Yes, this sounds as simplistic and repetitive as it is. Maybe that's the point, though. Running shop isn't as glamorous as it looks, even in this most accessible form. Players merely need to hunt and peck some keys, then watch the results fly by. There's some cute lil' intermissions for each new day (or inclement weather), accompanied by beeper sound arrangements of tunes from Singin' in the Rain and other classics. By and large, though, the game's beaten once you eliminate obviously bad or sub-optimal mathematical choices, eventually finding the optimal sales formulas for each scenario. Doing this on your first go, all within 12 days in most versions, is a bit more of a challenge, but irrelevant when it's so easy to just start over and steamroll past the RNG for a high cash total.

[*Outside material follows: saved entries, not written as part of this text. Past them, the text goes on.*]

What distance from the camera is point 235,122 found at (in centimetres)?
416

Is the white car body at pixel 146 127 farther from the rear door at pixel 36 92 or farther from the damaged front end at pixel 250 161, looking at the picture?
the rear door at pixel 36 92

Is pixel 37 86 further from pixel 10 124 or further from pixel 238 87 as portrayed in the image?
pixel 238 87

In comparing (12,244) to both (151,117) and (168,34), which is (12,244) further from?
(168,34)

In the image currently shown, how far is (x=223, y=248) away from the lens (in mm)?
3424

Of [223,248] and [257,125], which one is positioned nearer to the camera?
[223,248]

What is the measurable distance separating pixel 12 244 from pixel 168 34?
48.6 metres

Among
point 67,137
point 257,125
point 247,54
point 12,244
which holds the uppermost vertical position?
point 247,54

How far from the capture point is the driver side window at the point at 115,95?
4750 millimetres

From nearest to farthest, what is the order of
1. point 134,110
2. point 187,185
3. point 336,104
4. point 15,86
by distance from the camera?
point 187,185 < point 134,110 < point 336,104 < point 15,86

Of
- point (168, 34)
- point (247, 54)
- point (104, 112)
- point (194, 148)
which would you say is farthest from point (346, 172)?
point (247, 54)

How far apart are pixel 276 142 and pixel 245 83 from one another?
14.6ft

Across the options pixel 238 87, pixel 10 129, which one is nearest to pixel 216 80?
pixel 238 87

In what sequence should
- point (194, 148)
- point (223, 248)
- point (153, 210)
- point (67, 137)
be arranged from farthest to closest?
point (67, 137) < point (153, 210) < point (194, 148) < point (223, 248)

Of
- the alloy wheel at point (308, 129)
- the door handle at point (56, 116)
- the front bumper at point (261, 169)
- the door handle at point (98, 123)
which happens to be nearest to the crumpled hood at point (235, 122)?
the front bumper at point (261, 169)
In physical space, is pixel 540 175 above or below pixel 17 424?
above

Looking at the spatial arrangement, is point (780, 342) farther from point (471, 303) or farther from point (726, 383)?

Back then, even this all-ages rendition of the resource management experience first digitized in Hamurabi would have seemed tricky, or at least addictive. It promotes a 1-to-1 narrative of modern capitalism as rational, mostly predictable, and viable at any rung of society. After all, if a mere kid can solicit this much money from passers-by on the sidewalk during a heat wave, then what's stopping you from making it onto Shark Tank, huh?! Well?! Let's just overlook any possibility of, oh I don't know, selling a bad product while your competitors run you out with any mixture of better or more cunning practices. Lemonade Stand doesn't wants its K-6 audience to consider bad guys robbing your startup business, or the HOA banning this (and garage sales, and solar panels, and [insert cool thing here]) entirely. Nice sentiments are nice, but trying to sugarcoat capitalism only works for so long. It's one thing if I'm playing a hyper-detailed and demanding economy sim, of course. I never expected any trenchant critique of, or answer to, the social-economic hierarchy failing us for the benefit of a few. MECC themselves would do that way later with Logical Journey of the Zoombinis, thankfully.

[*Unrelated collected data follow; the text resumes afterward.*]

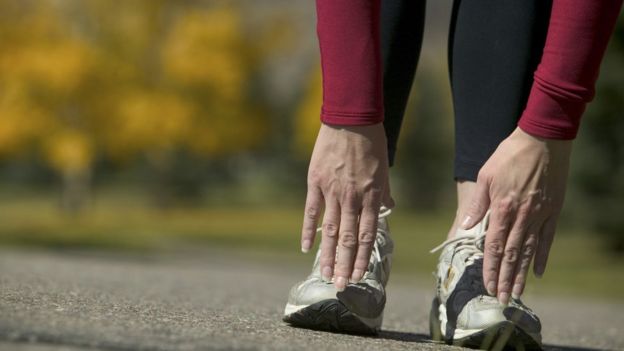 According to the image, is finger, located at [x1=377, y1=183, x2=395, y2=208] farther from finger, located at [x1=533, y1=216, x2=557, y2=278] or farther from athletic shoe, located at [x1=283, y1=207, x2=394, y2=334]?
finger, located at [x1=533, y1=216, x2=557, y2=278]

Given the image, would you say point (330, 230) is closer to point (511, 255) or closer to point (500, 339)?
point (511, 255)

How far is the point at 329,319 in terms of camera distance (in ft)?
6.53

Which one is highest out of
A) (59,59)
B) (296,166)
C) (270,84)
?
(59,59)

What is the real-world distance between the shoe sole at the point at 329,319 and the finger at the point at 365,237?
7.2 inches

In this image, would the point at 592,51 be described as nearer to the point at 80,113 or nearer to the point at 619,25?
the point at 619,25

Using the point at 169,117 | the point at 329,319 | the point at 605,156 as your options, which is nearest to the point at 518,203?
the point at 329,319

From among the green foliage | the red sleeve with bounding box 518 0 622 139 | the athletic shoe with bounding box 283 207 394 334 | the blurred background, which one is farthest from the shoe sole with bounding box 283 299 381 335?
the green foliage

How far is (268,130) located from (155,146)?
3.44 m

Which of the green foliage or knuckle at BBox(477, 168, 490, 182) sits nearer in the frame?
knuckle at BBox(477, 168, 490, 182)

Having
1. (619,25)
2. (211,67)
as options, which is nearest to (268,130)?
(211,67)

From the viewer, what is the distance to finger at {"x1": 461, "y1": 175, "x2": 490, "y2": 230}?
69.9 inches

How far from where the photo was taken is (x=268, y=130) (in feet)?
75.6

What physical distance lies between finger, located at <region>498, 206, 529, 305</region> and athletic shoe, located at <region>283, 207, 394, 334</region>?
14.5 inches

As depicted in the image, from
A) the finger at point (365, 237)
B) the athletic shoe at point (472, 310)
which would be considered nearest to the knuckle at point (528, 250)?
the athletic shoe at point (472, 310) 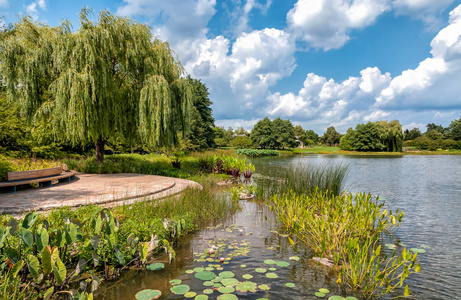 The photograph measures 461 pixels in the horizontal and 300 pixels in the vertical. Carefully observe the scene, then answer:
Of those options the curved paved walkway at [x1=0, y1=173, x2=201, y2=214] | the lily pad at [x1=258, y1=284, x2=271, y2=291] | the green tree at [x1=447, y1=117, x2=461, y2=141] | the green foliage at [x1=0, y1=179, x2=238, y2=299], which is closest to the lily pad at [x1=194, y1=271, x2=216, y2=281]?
the green foliage at [x1=0, y1=179, x2=238, y2=299]

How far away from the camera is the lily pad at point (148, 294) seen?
280 centimetres

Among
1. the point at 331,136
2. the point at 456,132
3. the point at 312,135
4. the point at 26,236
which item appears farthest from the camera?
the point at 312,135

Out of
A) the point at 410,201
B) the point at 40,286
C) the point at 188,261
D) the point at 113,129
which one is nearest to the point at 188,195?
the point at 188,261

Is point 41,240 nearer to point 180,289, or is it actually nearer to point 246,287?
point 180,289

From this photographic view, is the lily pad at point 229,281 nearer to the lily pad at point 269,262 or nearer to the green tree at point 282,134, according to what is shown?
the lily pad at point 269,262

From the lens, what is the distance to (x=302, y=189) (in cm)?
704

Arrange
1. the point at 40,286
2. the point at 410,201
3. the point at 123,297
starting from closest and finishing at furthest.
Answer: the point at 40,286, the point at 123,297, the point at 410,201

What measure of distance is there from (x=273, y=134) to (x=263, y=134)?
9.87 ft

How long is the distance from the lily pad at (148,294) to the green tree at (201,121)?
30881 mm

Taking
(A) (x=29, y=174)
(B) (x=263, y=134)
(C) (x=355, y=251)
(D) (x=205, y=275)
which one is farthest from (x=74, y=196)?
(B) (x=263, y=134)

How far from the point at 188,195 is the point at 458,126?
83366mm

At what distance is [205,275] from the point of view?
3346 mm

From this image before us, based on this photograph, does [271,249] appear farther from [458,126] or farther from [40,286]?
[458,126]

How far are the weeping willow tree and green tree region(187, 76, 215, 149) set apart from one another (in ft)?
72.8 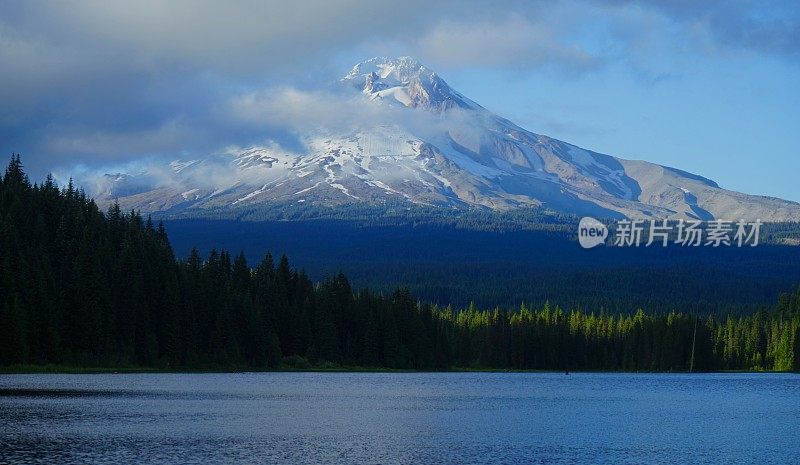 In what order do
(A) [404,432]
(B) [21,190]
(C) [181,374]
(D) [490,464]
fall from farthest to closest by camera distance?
(B) [21,190], (C) [181,374], (A) [404,432], (D) [490,464]

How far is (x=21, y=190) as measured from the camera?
154m

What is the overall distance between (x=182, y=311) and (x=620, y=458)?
8089 centimetres

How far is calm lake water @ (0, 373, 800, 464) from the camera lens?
60938mm

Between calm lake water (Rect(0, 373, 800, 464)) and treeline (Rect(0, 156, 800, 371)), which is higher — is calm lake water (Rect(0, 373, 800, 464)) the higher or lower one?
the lower one

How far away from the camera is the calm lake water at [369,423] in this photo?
60938 mm

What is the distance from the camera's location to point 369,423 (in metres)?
77.9

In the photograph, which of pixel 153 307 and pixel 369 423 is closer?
pixel 369 423

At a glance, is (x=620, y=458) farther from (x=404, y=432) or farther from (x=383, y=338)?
(x=383, y=338)

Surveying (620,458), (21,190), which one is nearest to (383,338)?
(21,190)

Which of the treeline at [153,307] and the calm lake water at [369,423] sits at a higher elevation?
the treeline at [153,307]

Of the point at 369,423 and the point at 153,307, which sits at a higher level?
the point at 153,307

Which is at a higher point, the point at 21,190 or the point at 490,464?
the point at 21,190

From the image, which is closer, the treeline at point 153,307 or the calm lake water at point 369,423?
the calm lake water at point 369,423

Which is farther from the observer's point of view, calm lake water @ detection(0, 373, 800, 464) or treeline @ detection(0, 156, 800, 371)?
treeline @ detection(0, 156, 800, 371) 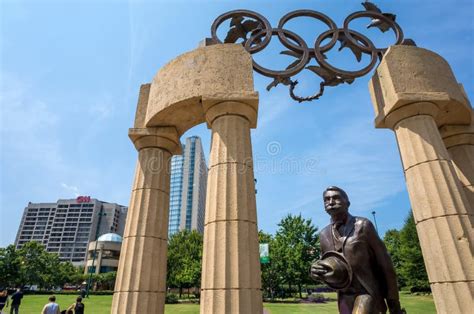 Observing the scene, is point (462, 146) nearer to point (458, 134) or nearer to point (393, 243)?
point (458, 134)

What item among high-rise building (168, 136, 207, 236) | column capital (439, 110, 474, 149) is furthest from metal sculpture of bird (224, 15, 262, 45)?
high-rise building (168, 136, 207, 236)

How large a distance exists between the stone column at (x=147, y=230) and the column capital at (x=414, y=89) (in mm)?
5865

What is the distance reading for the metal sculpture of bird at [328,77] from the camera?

It's no secret that the lemonade stand's been a trojan-horse metaphor normalizing the American Dream to kids for who knows how long. The concept, its connotations, and all that pop culture imagery was practically inescapable for me, growing up in sunbaked suburban Texas. I never ran such an establishment, being too shy and awkward to exercise that entrepreneurial spirit still reinforced today. Moreover, it seemed increasingly irrelevant—theoretically sound, but way harder than it looks in practice. Girl Scout cookies are the closest equivalent I see in my area nowadays, and it's telling how the most successful kids only sell those thousands of batches because it's their parents' side-gig. The myth of the all-American lemonade stand and its variations dates back to a pre-Internet, pre-9/11 era of good feelings and busy neighborhoods which I've only had the smallest taste of as a late millennial.

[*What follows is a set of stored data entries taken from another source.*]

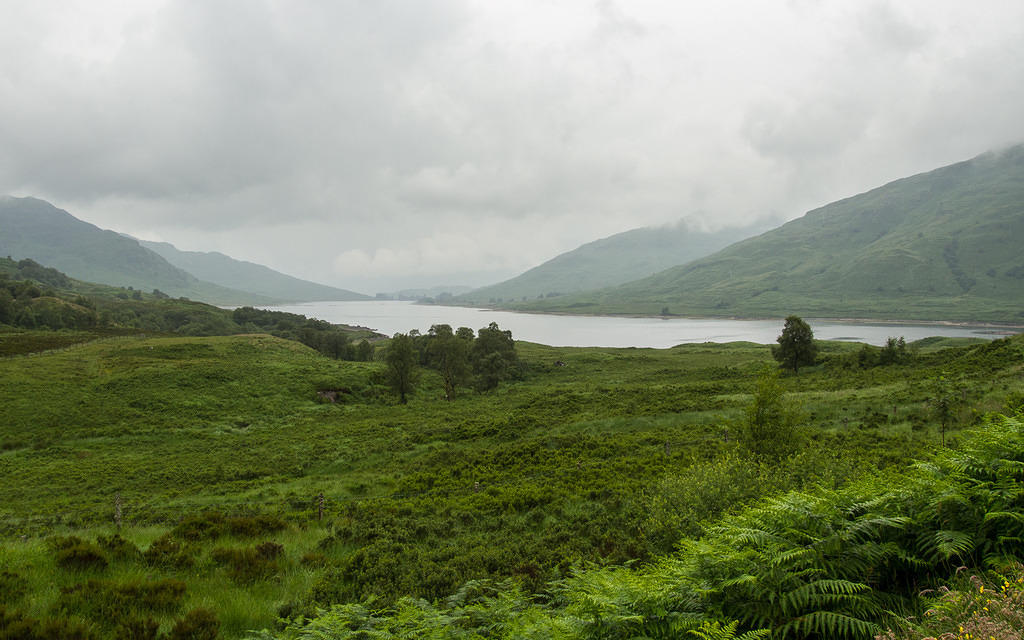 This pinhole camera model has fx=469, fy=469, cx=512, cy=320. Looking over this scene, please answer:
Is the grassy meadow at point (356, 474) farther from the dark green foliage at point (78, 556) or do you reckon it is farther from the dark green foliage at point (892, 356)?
the dark green foliage at point (892, 356)

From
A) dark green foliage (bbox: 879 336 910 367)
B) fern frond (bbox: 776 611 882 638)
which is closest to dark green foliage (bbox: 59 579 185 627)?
fern frond (bbox: 776 611 882 638)

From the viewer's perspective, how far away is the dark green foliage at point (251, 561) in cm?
1060

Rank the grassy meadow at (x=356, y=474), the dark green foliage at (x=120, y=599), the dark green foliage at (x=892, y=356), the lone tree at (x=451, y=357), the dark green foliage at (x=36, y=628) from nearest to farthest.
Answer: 1. the dark green foliage at (x=36, y=628)
2. the dark green foliage at (x=120, y=599)
3. the grassy meadow at (x=356, y=474)
4. the dark green foliage at (x=892, y=356)
5. the lone tree at (x=451, y=357)

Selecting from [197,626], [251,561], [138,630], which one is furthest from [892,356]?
[138,630]

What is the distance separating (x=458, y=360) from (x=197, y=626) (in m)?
55.5

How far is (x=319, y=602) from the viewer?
381 inches

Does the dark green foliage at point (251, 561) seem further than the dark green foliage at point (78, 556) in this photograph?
Yes

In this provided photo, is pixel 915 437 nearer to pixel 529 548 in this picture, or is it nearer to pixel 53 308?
pixel 529 548

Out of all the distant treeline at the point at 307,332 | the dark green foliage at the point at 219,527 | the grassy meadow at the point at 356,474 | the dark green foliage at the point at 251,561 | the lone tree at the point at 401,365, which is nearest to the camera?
the grassy meadow at the point at 356,474

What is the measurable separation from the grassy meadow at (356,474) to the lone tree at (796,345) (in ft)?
5.82

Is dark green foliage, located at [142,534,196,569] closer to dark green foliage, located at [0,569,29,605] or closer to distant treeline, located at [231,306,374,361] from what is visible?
dark green foliage, located at [0,569,29,605]

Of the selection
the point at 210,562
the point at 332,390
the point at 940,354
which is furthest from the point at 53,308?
the point at 940,354

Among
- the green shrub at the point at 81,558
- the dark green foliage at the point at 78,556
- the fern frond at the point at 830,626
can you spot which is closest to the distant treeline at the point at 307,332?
the dark green foliage at the point at 78,556

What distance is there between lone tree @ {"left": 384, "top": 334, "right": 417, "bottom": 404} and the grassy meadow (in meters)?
2.67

Emulating this now is easy-peasy thanks to the Internet Archive. I played this on lunch break, even knowing pretty much exactly how it would go. The more interesting thing is to imagine those coat-swaddled students piling into class, early on a snowy Midwestern morning, expecting the same 'ol usual as their teacher introduces this odd monitor and keyboard to them all. The CRT's green glow fades into view, the floppy disk drive whirrs excitedly, and this impressionable set of youngsters get their first peek into the Information Age at their fingertips. Lemonade Stand always worked best as an educational tool, letting everyone share this technology which you once needed a teletype and printer to enjoy. By selling these games and Apple IIs to so many faculty, MECC themselves promoted a unique edu-tech model that itself mirrors the allegory of the kid's streetside booth. I'm glad to see that history's vindicated the story-driven, more ambiguous paradigm of Oregon Trail and other adventurous software, but I think this game represents the organization's classic era best. Pixel pedagogy would only go up in design efficacy and ambition from here, not that it's bad place to start—just one that's happy to date itself, a self-deprecating lesson if any.